Hattie no longer promotes the CLE as a way of understanding his effect sizes, he now uses a value of d = 0.40 as being equivalent to 1 year's progress. But as already stated, this creates other more significant problems.

Other Errors:


The inclusion of studies that don't measure the influence in question or achievement:



There are many examples of this serious error:

The inclusion of Falchikov (2000) which measured peer-assessment NOT a self-report grade and Kuncel (2005) which measured a student’s memory of their GPA score from a year or so previously NOT a self-report grade in the future.

The inclusion of Karvale & Forness (1983) in the diet influence This paper is not measuring diet as it relates to improving student achievement.
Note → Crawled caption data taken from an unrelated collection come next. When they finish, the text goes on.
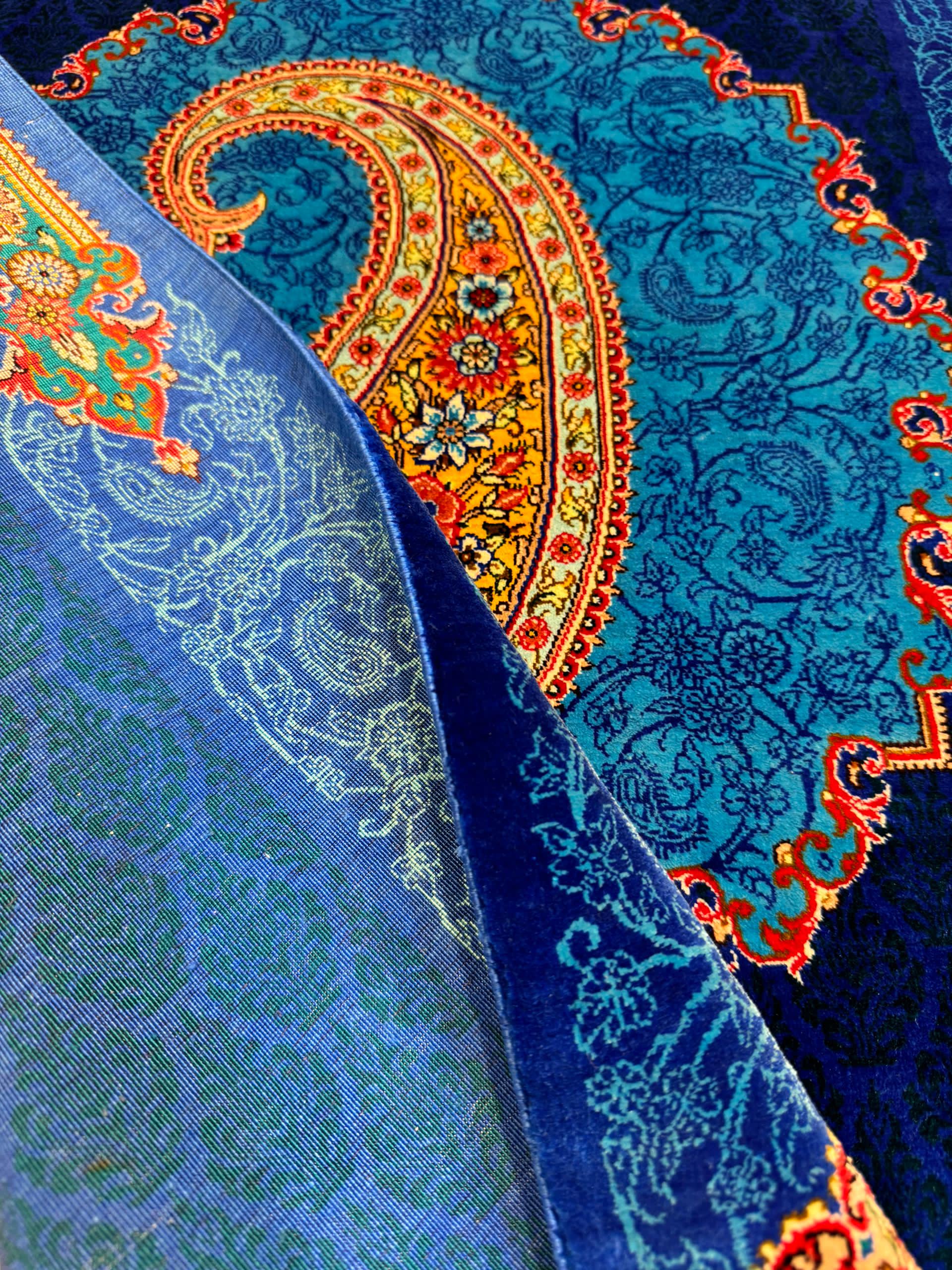 高級ペルシャ絨毯クム産シルク100％ ジャムシディ工房 91×59cm（FN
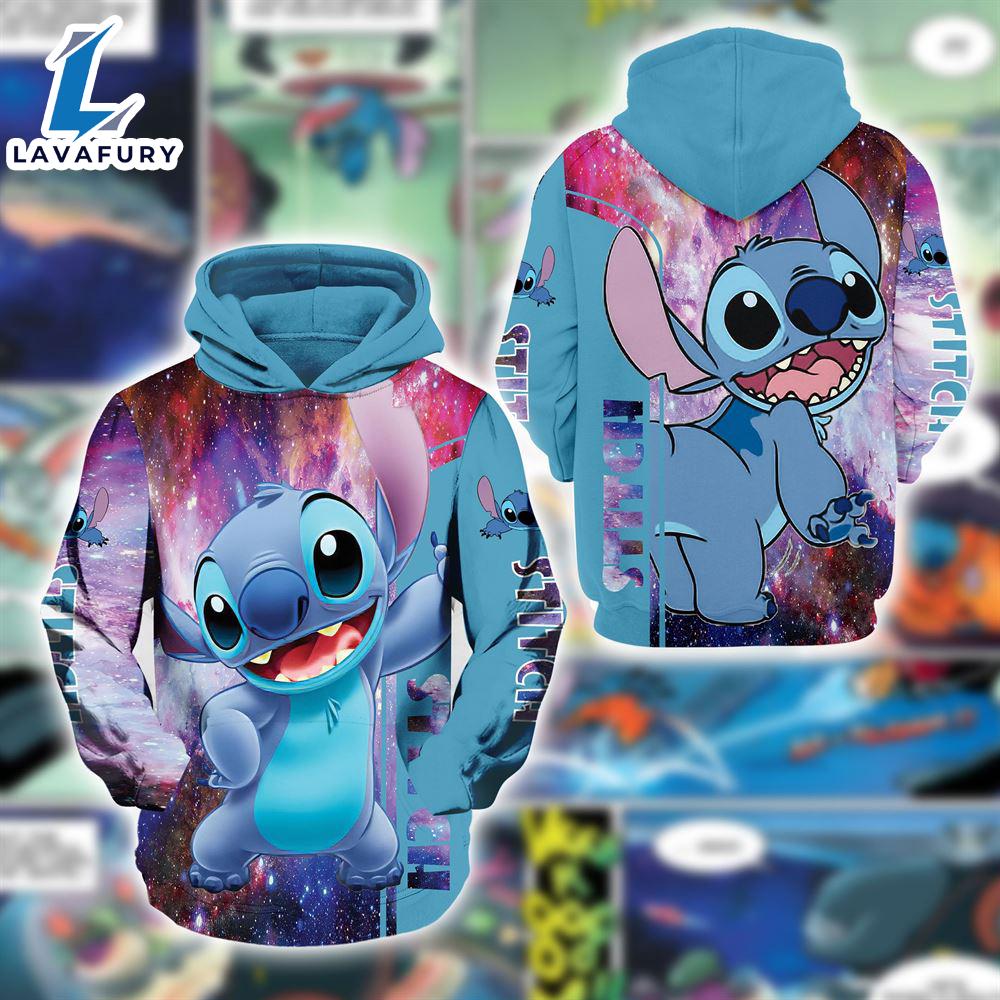 Cartoon Character Stitch Galaxy Hoodie All Over Printed 3D Unisex Men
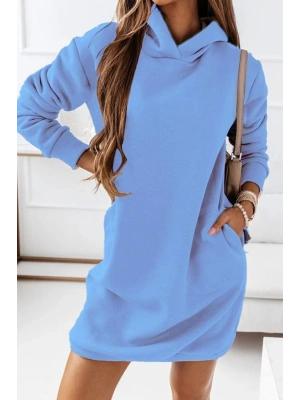 Kadın Uzun Kollu Kapşonlu Kısa Iki Iplik Elbise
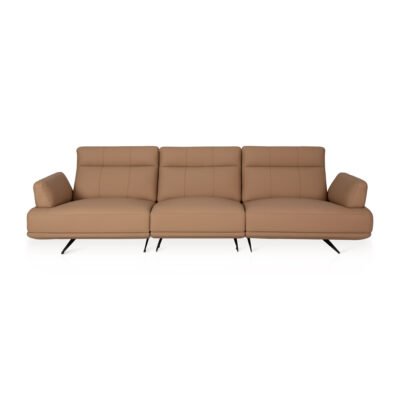 leather sofa with ottoman warm taupe cowhide splayed metal legs ash wood panel full view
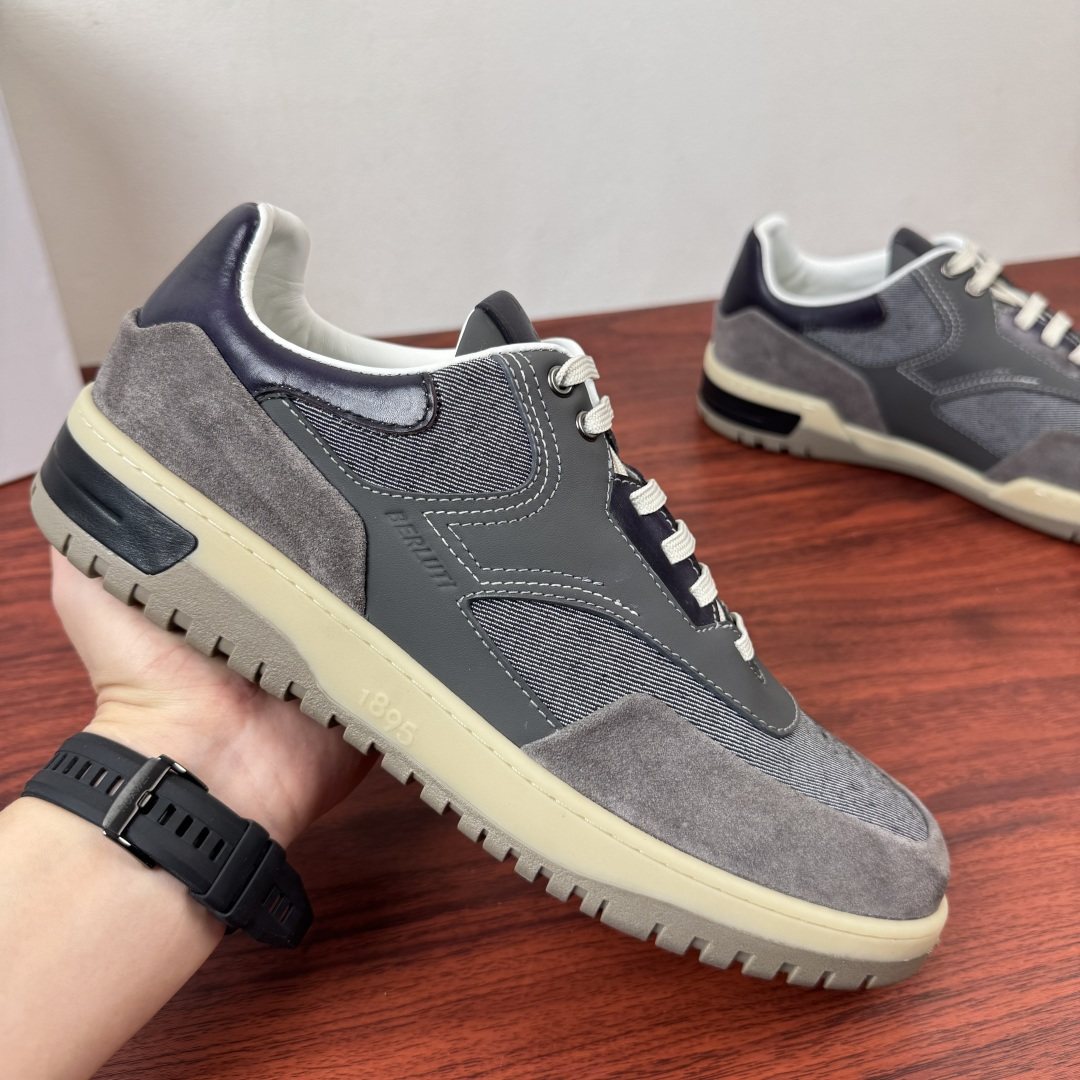 Berluti Paneled Low-Top Sneakers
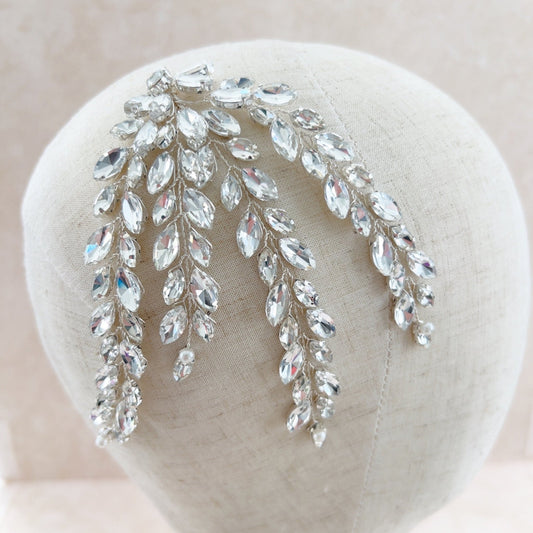 Crystal leaf bridal headpiece - Petal & Pearl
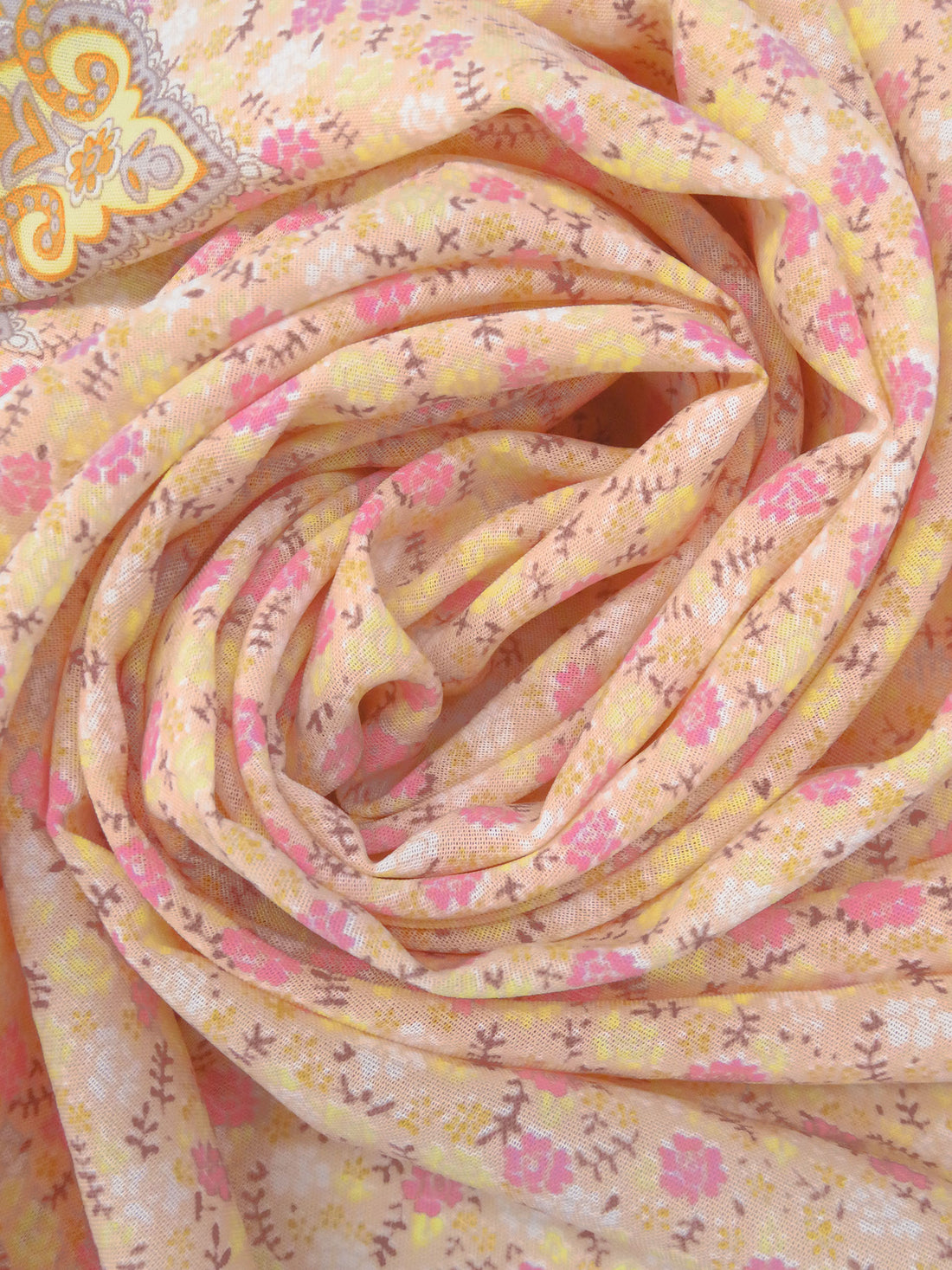 Apricot/French Pink/Pale Lemon/Multi 100% Polyester Ornate Double Border Floral Print Voile 56W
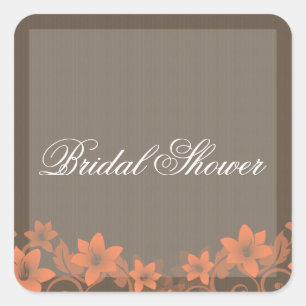 Coral Rustic Floral Bridal Shower Stickers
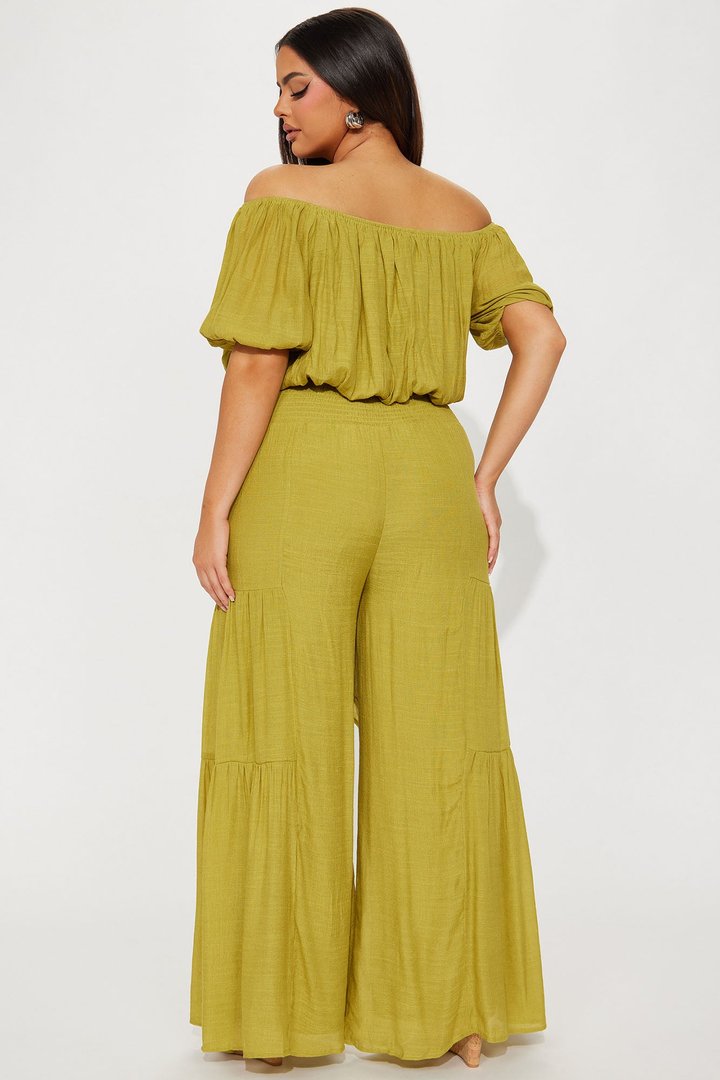 Take Me On A Vacay Pant Set - Chartreuse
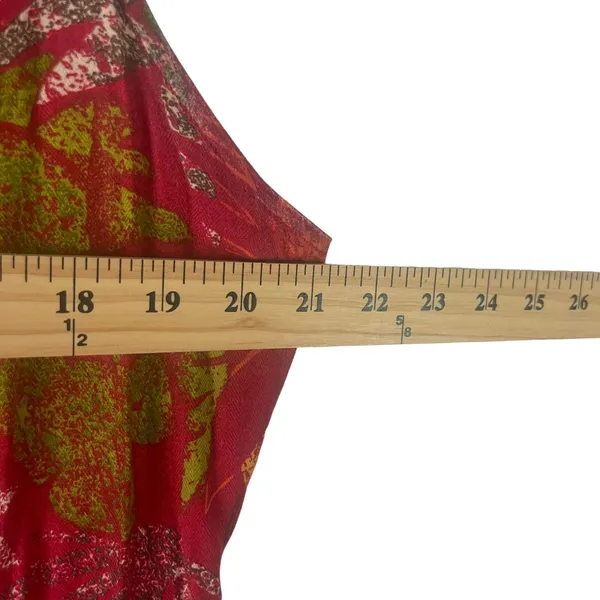 Bahama Beach Vintage 90s Women's Size 12 Large Hawaiian Red Tropical Midi Dress‎ - Image 6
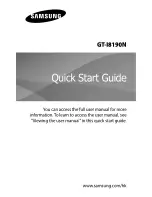 Preview for 1 page of Samsung GT-I8190N Quick Start Manual
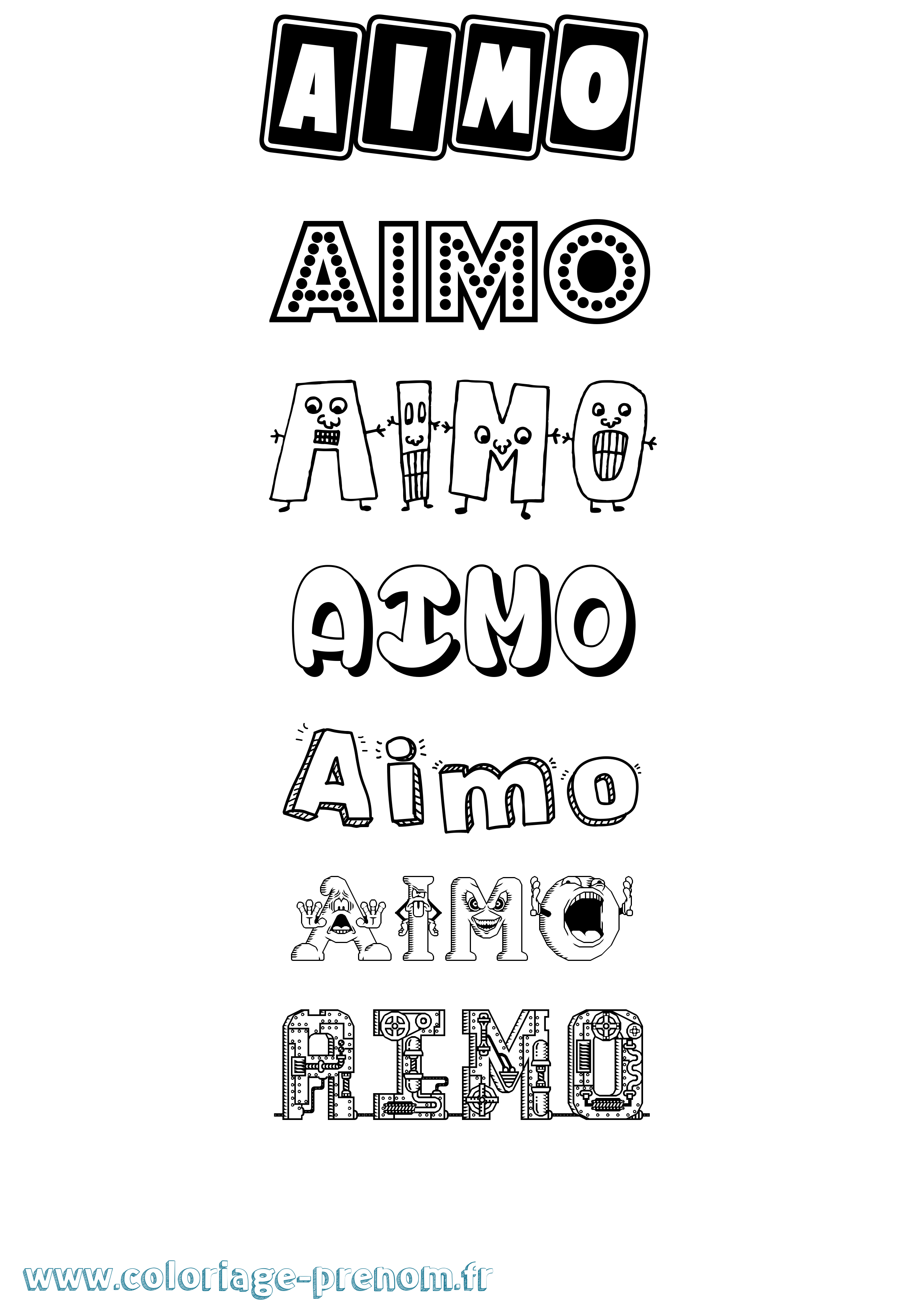 Coloriage prénom Aimo Fun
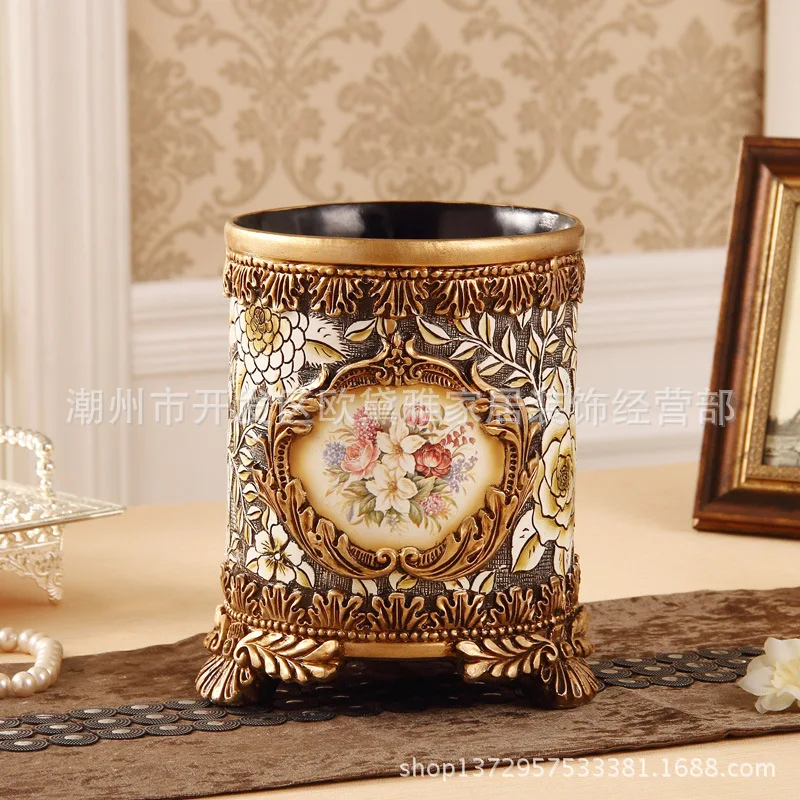 

European Living Room Coverless Rubbish bin Fashion Creative Household Large Luxury Retro Round Pastoral Basket Resin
But rather ONLY ONE diet modification as a treatment of hyperactivity.


Hattie mixes up the X\Y Axis:



Hattie uses a funnel plot (p21) to show that publication bias does not affect his research.But, Higgins and Simpson (2011) show that Hattie has mixed the X/Y axis and if drawn correctly the funnel plot does in fact show publication bias  (p198).








For more information see - https://en.wikipedia.org/wiki/Funnel_plot

Standard Error:


"In his "Effect Barometers" Hattie also gives a standard error for the determined effect size. However, their calculation is flawed (see also Pant 2014 a, p. 96, note 4, 2014b, p. 143, FN 4). As a rule, the specified value is the arithmetic mean of the specified standard errors of the individual first-stage meta-analyzes. For example, in the case of inquiry-based teaching, the given standard error of 0.092 is the arithmetic mean of the two standard errors of 0.154 and 0.030 given two of the four meta-analyzes. However, the precision of the estimate from both meta-analyzes can not be less than that of the individual meta-analyzes; in fact, the standard error of an effect magnitude estimate from these two overlap-free meta-analyzes in the primary studies is 0.029"...

The reconstruction of Hattie's approach in detail using examples thus shows that the methodological standards to be applied are violated at all levels of the analysis. As some of the examples given here show, Hatties values are sometimes many times too high or low. In order to be able to estimate the impact of these deficiencies on the analysis results, the full analyzes would have to be carried out correctly, but for which, as already stated, often necessary information is missing. However, the amount and scope of these shortcomings alone give cause for justified doubts about the resilience of Hattie's results" Wecker, et al (2016, p30).

Average and Total:


Hattie seems to mix-up Total and Average on most of the tables in his book, e.g., the table below, from p61, d, SE and CLE are averages, not totals. Although minor, it represents Hattie's general disregard for detail.



Gender:

for the gender studies comparing boys versus girls, VL arbitrarily assigned a negative effect size when girls outperform boys. This affects the overall average effect size.